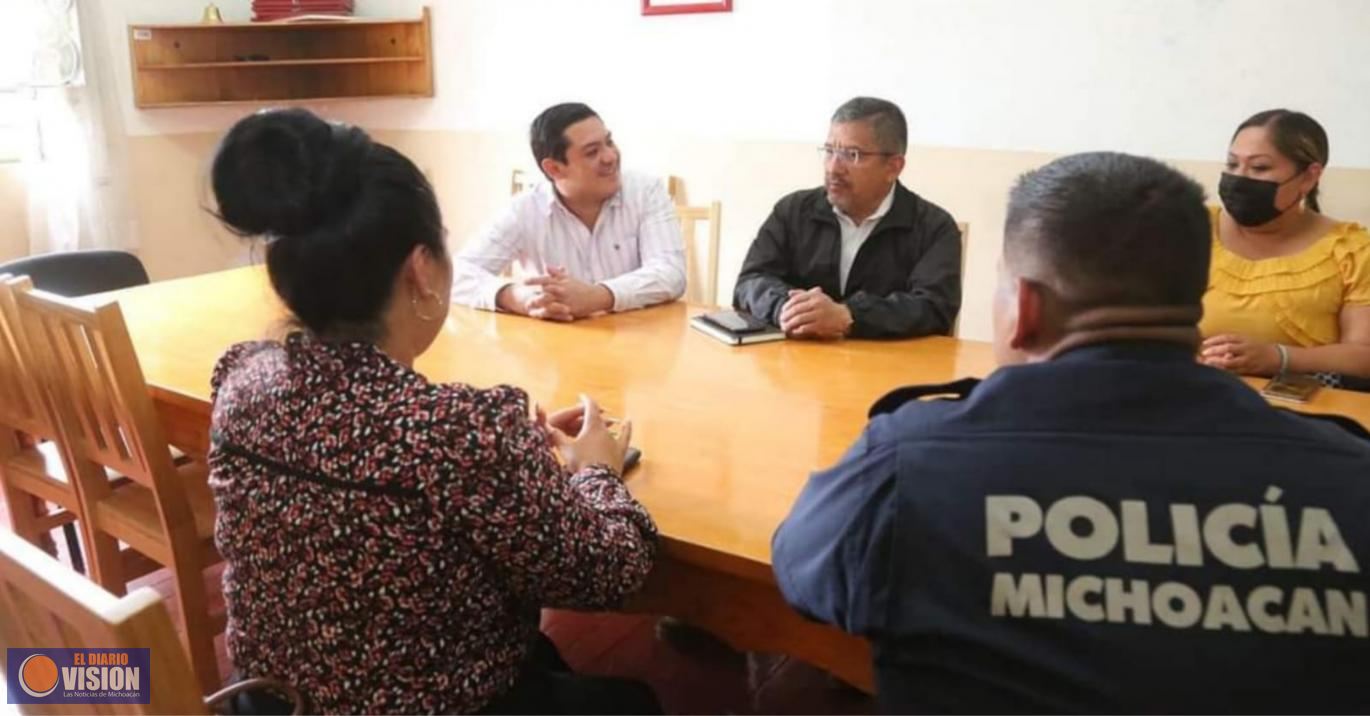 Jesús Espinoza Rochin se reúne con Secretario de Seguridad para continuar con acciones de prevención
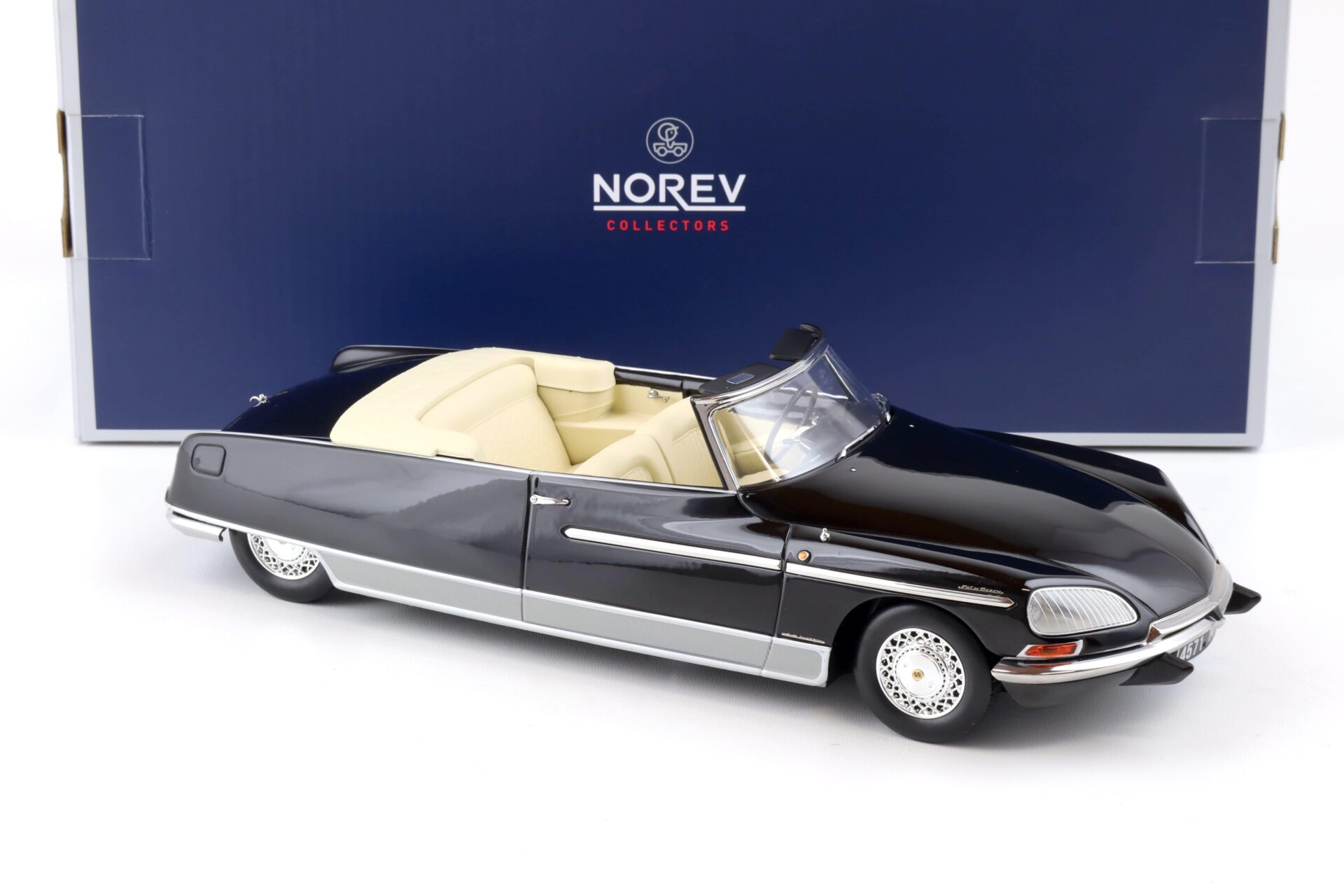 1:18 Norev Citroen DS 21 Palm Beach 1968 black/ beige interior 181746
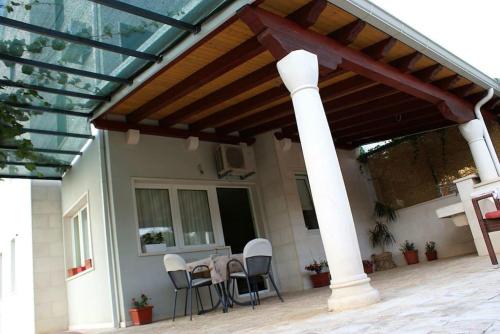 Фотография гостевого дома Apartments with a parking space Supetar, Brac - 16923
________________________
**Task objective**
What is needed is an exact repetition of every line from the line with "1:18 Norev Citroen" to the end of the data above, both ends included, with no pictures.

**Response below**
 1:18 Norev Citroen DS 21 Palm Beach 1968 black/ beige interior 181746
 Фотография гостевого дома Apartments with a parking space Supetar, Brac - 16923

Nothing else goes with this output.